Das wäre natürlich ein Fehler, denn die absoluten, nackten und ungeschönten Zahlen sind in der Tat sehr beunruhigend, mithin dramatisch zu nennen:

Wie Bild berichtet, haben sich 20.407 Menschen innerhalb der letzten 24 Stunden nachweislich mit dem Coronavirus angesteckt, die Dunkelziffer dürfte entsprechend ausfallen, 306 Tote gibt es zu beklagen, die an oder mit Covid-19 gestorben sind. Die Sieben-Tage-Inzidenz sank leicht von 110,1 auf 105,7.

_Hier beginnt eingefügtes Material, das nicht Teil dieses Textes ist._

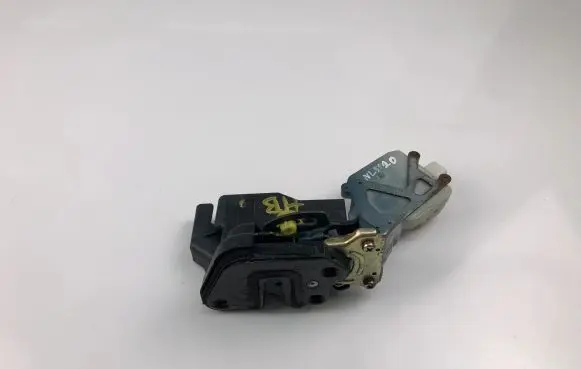 Hyundai Elantra Rear door lock 814202D000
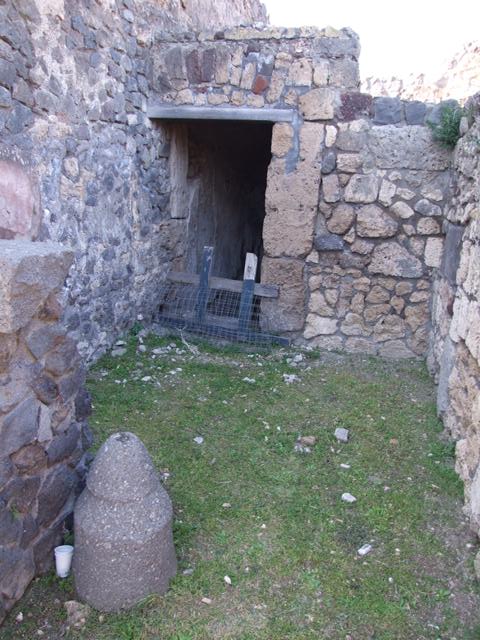 VII.4.31 Pompeii.  March 2009.  Room 26.  Small room or cupboard. Looking east.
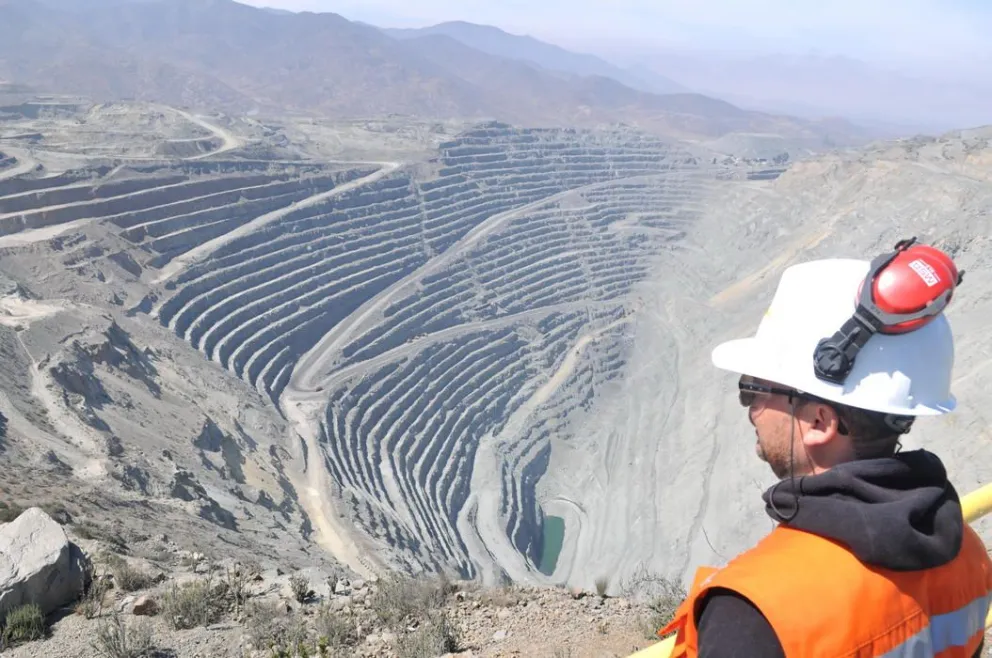 CAP reconoce riesgo de cierre de su mina El Romeral, la de mayor costo de operación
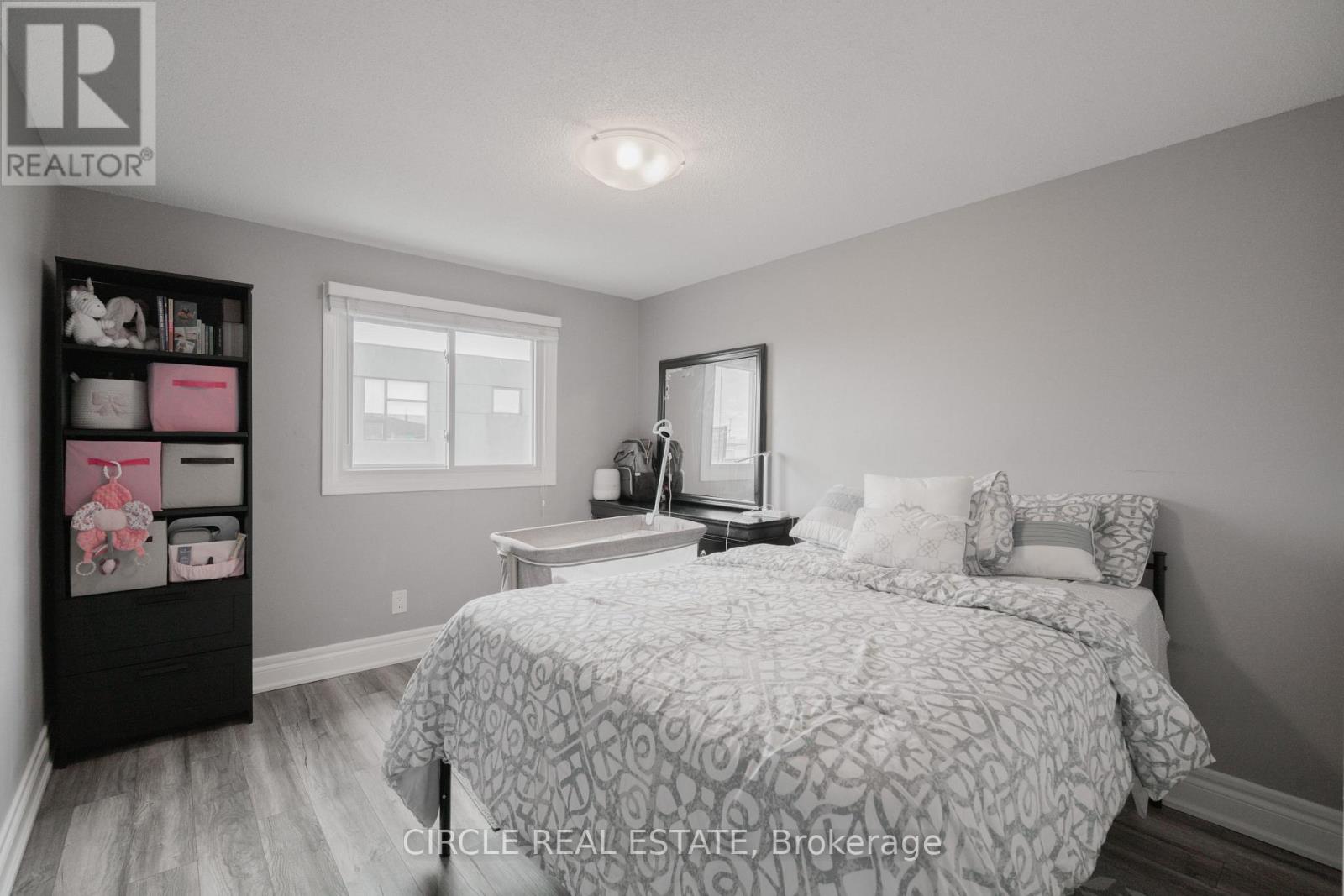 64 Lampman Crescent, Thorold, Ontario  L2V 4K7 - Photo 13 - X13025896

Zahlen insgesamt wohl noch höher

Dramatisch ist das auch deshalb, weil davon auszugehen ist, dass diese Zahlen noch nachgebessert, beziehungsweise in diesem Zusammenhang weiter verschlechtert werden dürften, da etliche Arztpraxen wegen der Osterferien noch keine Zahlen an das RKI gefunkt haben.

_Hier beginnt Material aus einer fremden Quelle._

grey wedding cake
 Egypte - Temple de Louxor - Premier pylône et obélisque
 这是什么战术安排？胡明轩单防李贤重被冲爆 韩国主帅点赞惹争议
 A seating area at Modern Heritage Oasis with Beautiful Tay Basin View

Erst wenn dieser Nachtrag geschehen ist, dürfte das ganze katastrophale Ausmaß der aktuellen Infektionslage feststehen. Es kann also durchaus sein, dass ein erneuter Spitzenwert bei den Neuinfektionen nach dem Ende der Osterferien, in den meisten Bundesländern nach kommendem Wochenende, bereits jetzt feststeht.